Manon Des Sources combines bucolic sepia-toned landscapes with a simmering tension that culminates in the titular Manon taking revenge on those responsible for the death of her father.

The Lord Of The Rings: The Two Towers (Peter Jackson, 2002)

Everyone knows that the second Lord Of The Rings film is the best. The first one takes too long to get going and the last one gets a bit weird towards the end, but between the two there’s The Two Towers: an undiluted fantasy masterpiece. To be fair to The Fellowship of The Ring, it still manages to be an immensely watchable film despite being made up almost entirely of exposition. I blame Tolkien: there are just too many different characters to meet.

By the second film, however, we’ve been introduced to all the various races – the elves, the hobbits, the dwarves and so on – so we’re able to relax and enjoy the action. And boy of the boy is the action good. Who can forget that scene at the Battle of Helms Deep, when Legolas transforms an Uruk Hai shield into a skateboard and skims down the ramparts, firing arrows into the enemy lines.

Indiana Jones and The Last Crusade (Steven Spielberg, 1989)

Indiana Jones without the Nazis is like Tom without Jerry, Optimus Prime without Megatron, Margret Thatcher without Geoffrey Howe – OK, I’ll stop now.

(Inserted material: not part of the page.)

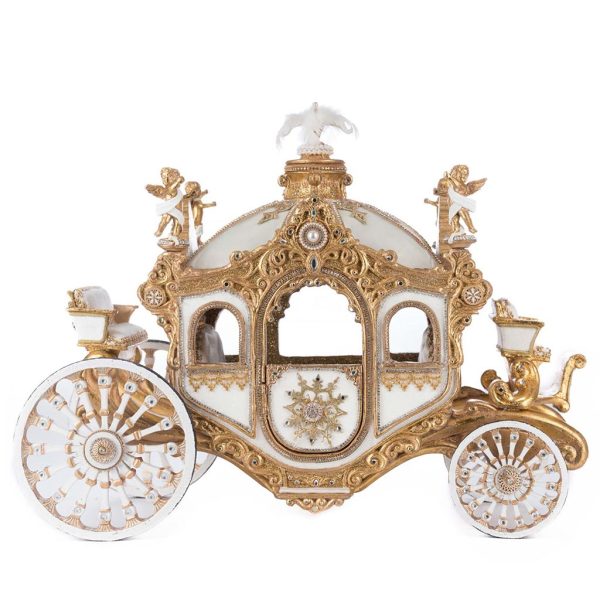 Kc 28 528772 Katherines Collection Christmas Decorative Items Bells Of Brilliance Carriage Cream Gold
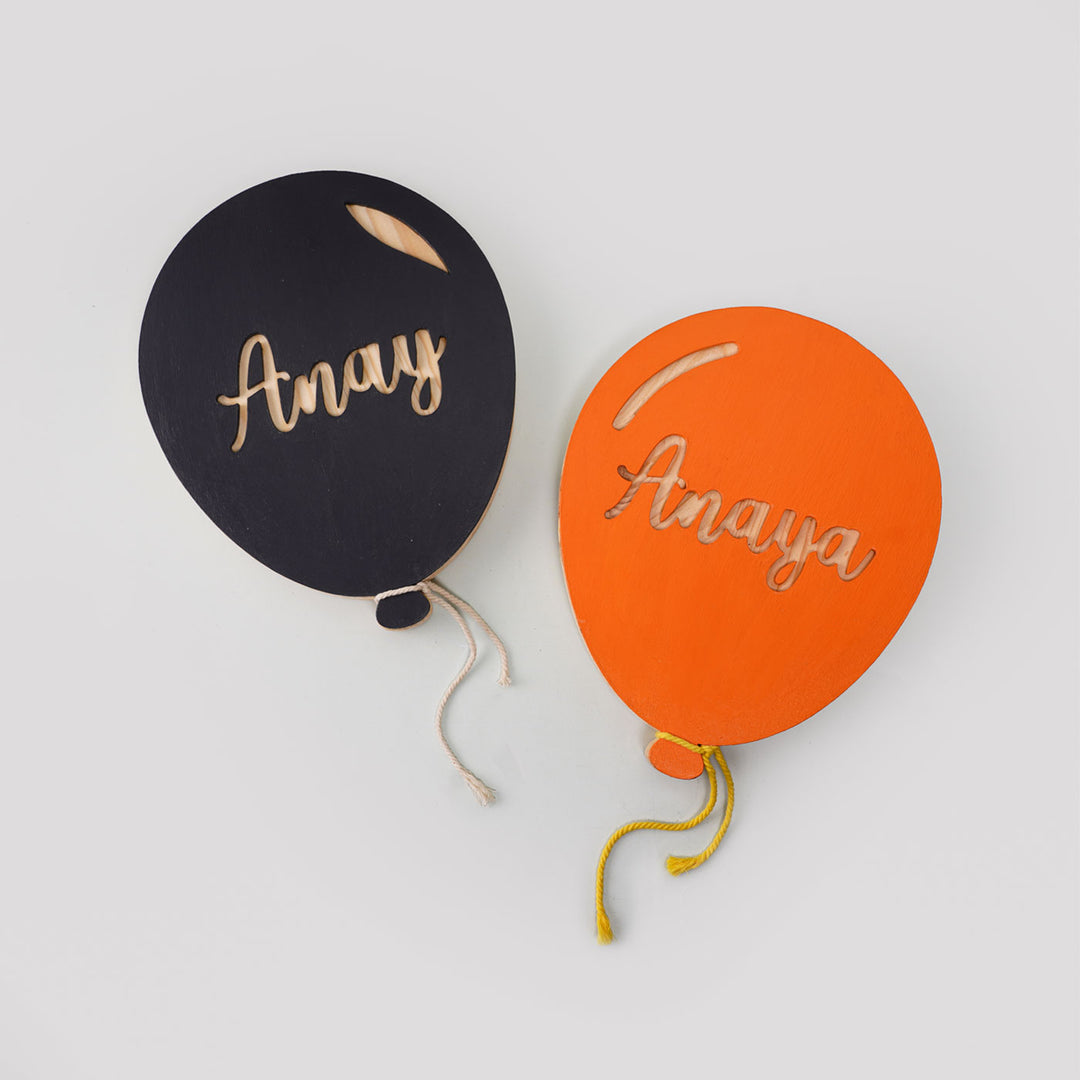 Handpainted Balloon Wooden Kids Name Plate 2 - Top View of Personalized Names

The point is, after issuing the blatantly racist The Temple of Doom in 1984, the minds behind Indiana Jones managed to claw things back by returning to those uber sinister bad guys, the Nazis.

While it’s definitely a toss-up between this final film and Raiders of The Lost Ark, The Last Crusade snatches the top spot for the hilarious father-son interactions between Sean Connery and Harrison Ford. I also love knights, so there.

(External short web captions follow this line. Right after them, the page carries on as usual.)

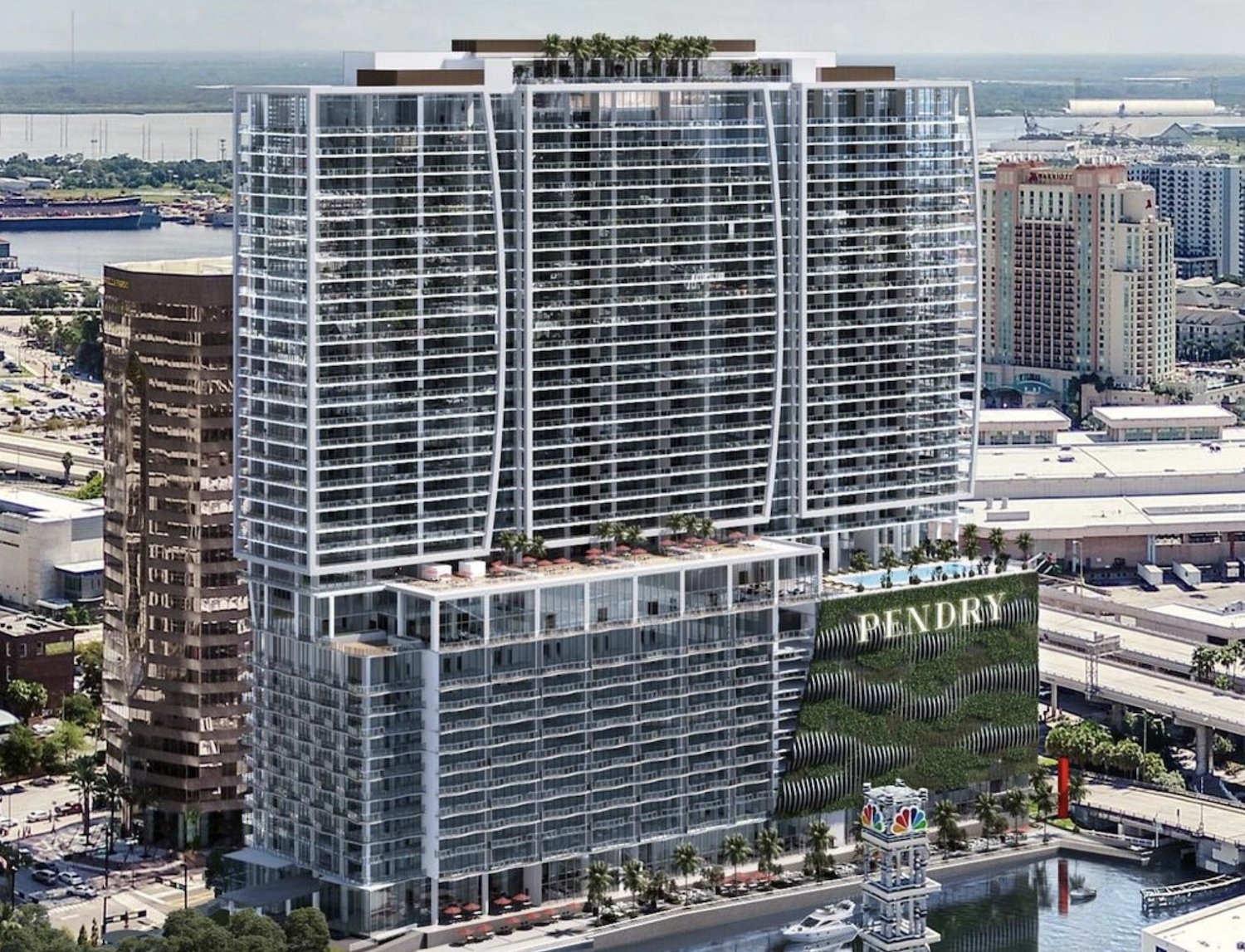 Rendering of the 38-story Pendry Tampa tower and residences overlooking the Tampa Riverwalk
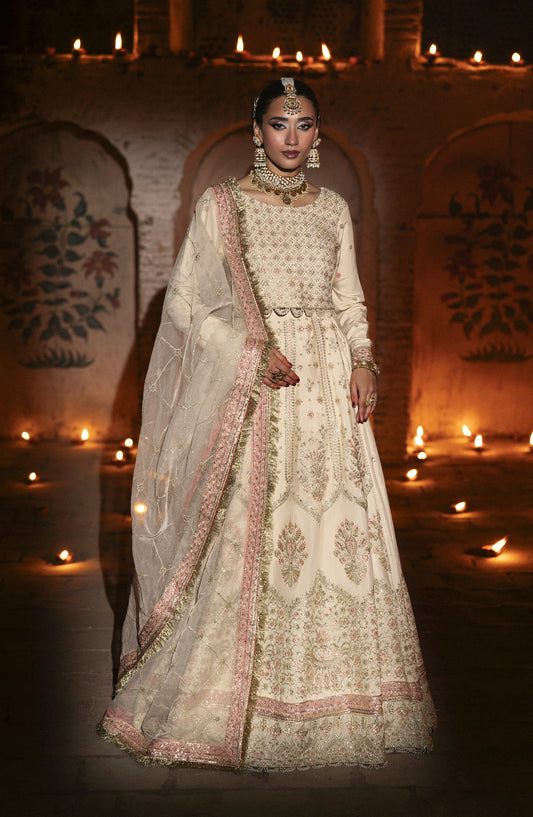 Singhar by Saad Shaikh X Meeral Luxury Embroidered Raw Silk Unstitched 3 Piece Suit - SITARA - SSH25SNG - Off White - Festive Collection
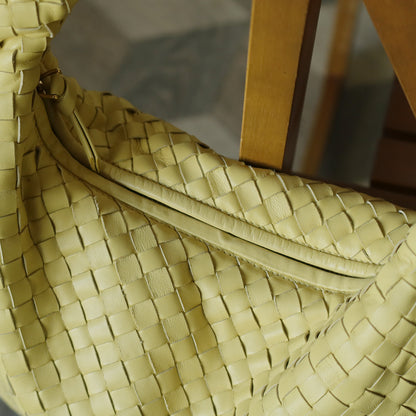 Bottega Veneta Vintage Butter Yellow Intrecciato Weave Ebano Hobo Shoulder Bag M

Aliens (James Cameron, 1986)

How do you make a terrifying monster flick even more terrifying? The answer is simple: add more monsters. And that’s exactly what James Cameron did with his sequel to the classic sci-fi horror Alien in 1986.

The strength of his follow-up, the aptly-titled Aliens, is the sheer depth of the various characters. Only after the Colonial Marines who join Ellen Ripley into the fray have been fully fleshed out do they begin getting picked off one by one. It’s bone-chillingly brilliant.

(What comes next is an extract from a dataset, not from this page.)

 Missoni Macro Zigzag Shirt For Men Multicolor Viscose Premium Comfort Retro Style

Three Colours: White (Krzysztof Kieślowski, 1994)

To those of you who haven’t heard of Kieślowski, the second instalment of his Three Colours Trilogy is a good place to start. Telling the story of Karol, a polish immigrant who finds himself out of a job and marriage after his French wife (Julie Delpy) divorces him, White is by far the most accessible film in the series.

But as well as being suffused with gallows humour and strangely playful tone, Kieślowski’s second offering is also the weightiest of the three films, offering critical insight into the economic disparities between Eastern and Western Europe.